Lawsuit and Judgment
Most garnishments of bank accounts in Colorado, also known as bank levies, start with a lawsuit against you. In that lawsuit, a court determined that you were responsible to pay a debt and granted the party which sued you, the creditor, the right to collect that money. In Colorado, judgment creditors most commonly collect what’s owed by garnishing wages, placing liens on real property like your home, and levying bank accounts.
Writ of Garnishment
To levy the account, the creditor serves your bank with a legal document known as a Writ of Garnishment. Upon receiving this writ, the bank freezes any money in your accounts in preparation to turn it over to the creditor. The bank will probably freeze money in any account in which you have an ownership interest even though the money’s not really yours, including accounts with your children. For this reason, custodial accounts are generally a better option for your kids’ bank account than joint ownership.
Claim of Exemption
Once the levy is in place, your bank will normally notify you, and the creditor must serve you with the writ. You have 10 days from the time that you are served with the writ to file with the court another legal document called the Claim of Exemption. You are essentially telling the court that the funds that were in your bank account at the time of the levy were exempt, or protected from your creditors. The court will set a hearing date to determine which portion of the funds is exempt. Before you file the document, reach out to the creditor as they are generally eager to avoid a hearing. Prepare ahead of time by gathering bank statements and documentation of deposits, like pay stubs, to prove the source of the money in the account.

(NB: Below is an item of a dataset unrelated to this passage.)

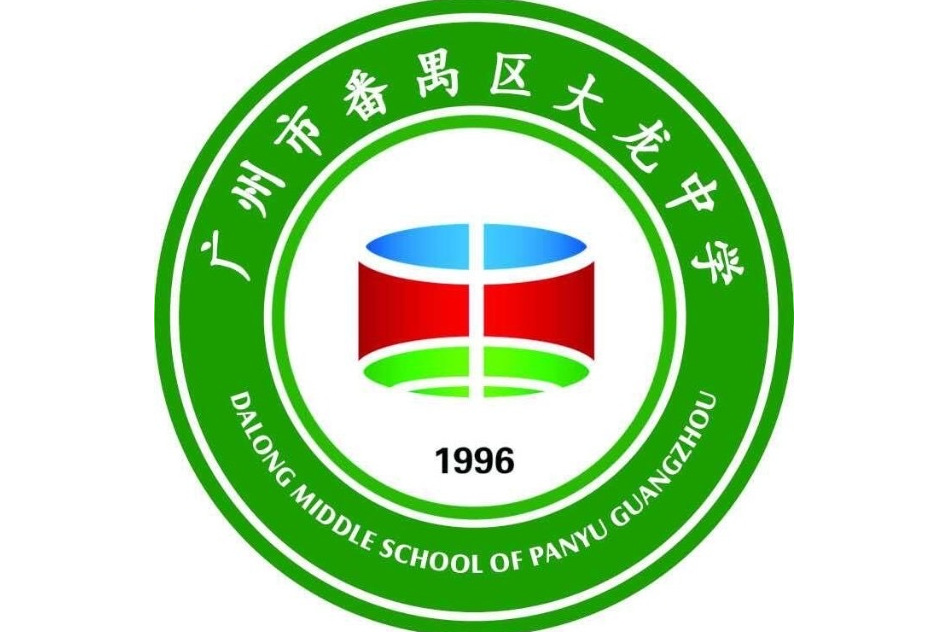 广州市番禺区石基第三中学
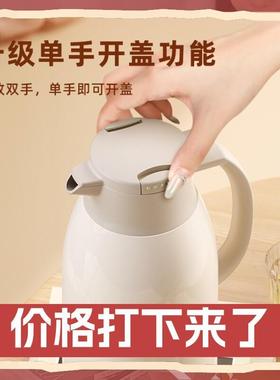 保12516温奢壶家用轻暖水壶大容量徐玻璃内热水瓶宿舍学生便胆携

Various exemptions may apply depending on the source of the money in the account. In Colorado, $2,500 in your bank account is exempt, wages are 80% exempt, and disability, unemployment, social security, and other types of funds are 100% exempt from most creditors (taxing, child support, and other administrative agencies have special rules that apply). Because the exemptions apply to specific sources of money, it’s best if you don’t commingle, or mix together, your income. For example, all of your wage income should go into a separate bank account from your spouse’s unemployment income. This makes it easier for the bank to protect exempt funds from your creditors, and makes it easier to show the court which exemptions apply to the money that’s been levied.
Alternatively, if you file bankruptcy before the funds have been transferred to the judgment creditor, you may have a chance at getting some or all of them back as well.
Stopping Future Levies
Unlike a wage garnishment, a bank levy doesn’t continue until it’s satisfied. The levy is only effective as to the funds that are in the account at the time its served on the bank. However, a judgment creditor may levy the bank again and again in the future. As such, you should keep funds out of bank accounts until the debt is resolved. Certain types of money, including Social Security, Supplemental Security Income, Veterans Affairs, and others, are protected from most of your creditors as long as you follow the guidance in this post. The bank account levy is also a good indicator that your wages may soon be garnished, so you should take action right away the resolve the debt. There are several ways to do so, including chapter 7 bankruptcy, chapter 13 bankruptcy, debt settlement, or even reopening the civil case in which you were originally sued and fighting it.